If you're developing with Python, Terraform, AWS, Azure, or really anything — managing your tools and environments can quickly become a mess.

Our data engineers recently discovered a powerful utility called mise, short for mise-en-place, a polyglot tool version manager. It's now become a go-to part of our development workflow.

Why use mise?

When you're working across multiple repositories and environments, maintaining consistent tool versions is a challenge. One developer might use Python 3.8, another 3.10. One repo needs Terraform 1.5.7, another needs a newer or older version. Add in CLI tools like aws, jq, go, trivy, java, and it gets complicated — fast.

Sure, you might already be using pyenv for Python or tfenv for Terraform, but what about everything else? Even for niche or obscure Pokémon (I mean tools) the mise registry likely has you covered. cocogitto, ginkgo or mongosh anyone?

How to use it

Install mise. Add a simple mise.toml file to your repo with a [tools] section that declares all the tools and versions you need:

[tools]
awscli    = "latest"
python    = "3.14.0"
terraform = "1.5.7"
rclone    = "latest"

Then run:

mise install

Boom — everything is installed, all at once.

Works in CI too

There's a dedicated GitHub Action to make using mise seamless in your CI workflows: jdx/mise-action. Drop it into your workflow YAML like this:

jobs:
  build:
    runs-on: ubuntu-latest
    steps:
      - uses: actions/checkout@v3
      - uses: jdx/mise-action@v2

As long as your repo has a mise.toml file, this will automatically install all required tools before the rest of your job runs. You don't need CI workflows cluttered with install steps for every tool — mise handles all of that upfront. And when you add a tool or change a version in mise.toml, you don't risk forgetting to update your CI workflows to match.

Manage environments with ease

Need to set environment variables like AWS_PROFILE? Drop them into a local override file like mise.local.toml. This is handy when working in different AWS accounts, or letting developers use their own profiles or settings. If mise is active, your terminal will automatically set those variables — before your next command even runs.

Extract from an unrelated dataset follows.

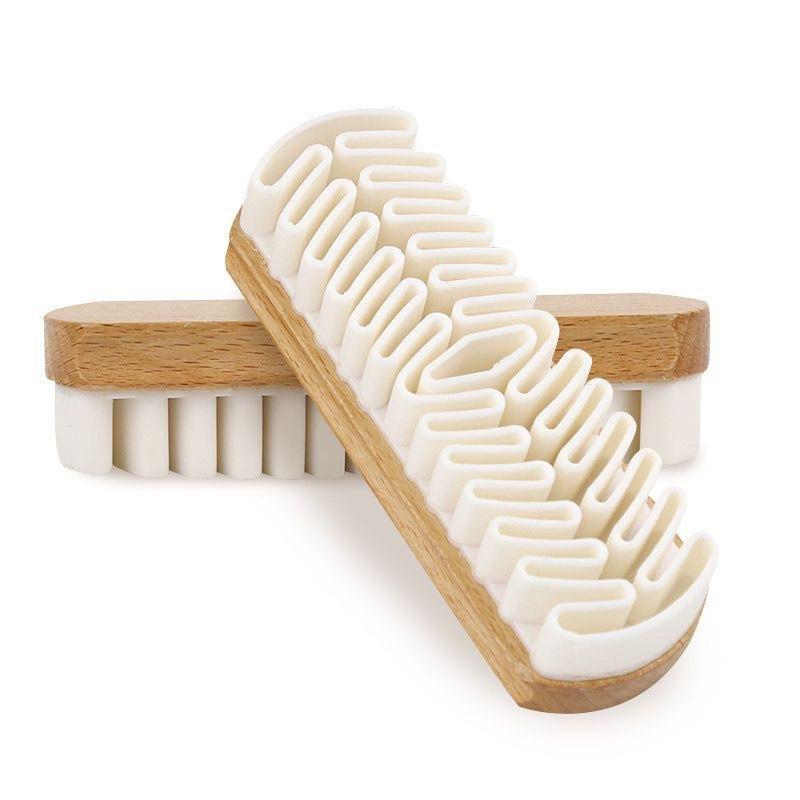 Suede & Nubuck Soft Bristle Shoe Cleaning Brush - Two-in-One Dust Remover for Canvas and Leather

Set a global tool baseline

You can use mise to manage a global baseline of your favourite tools on your system. Quickly switch, upgrade, or downgrade versions as needed. It also supports Tasks, Plugins, and more — though we haven't explored those features yet.

TL;DR

If you're juggling multiple tools, repos or environments, mise brings simplicity and consistency. Install mise, add a mise.toml, and move on with your life.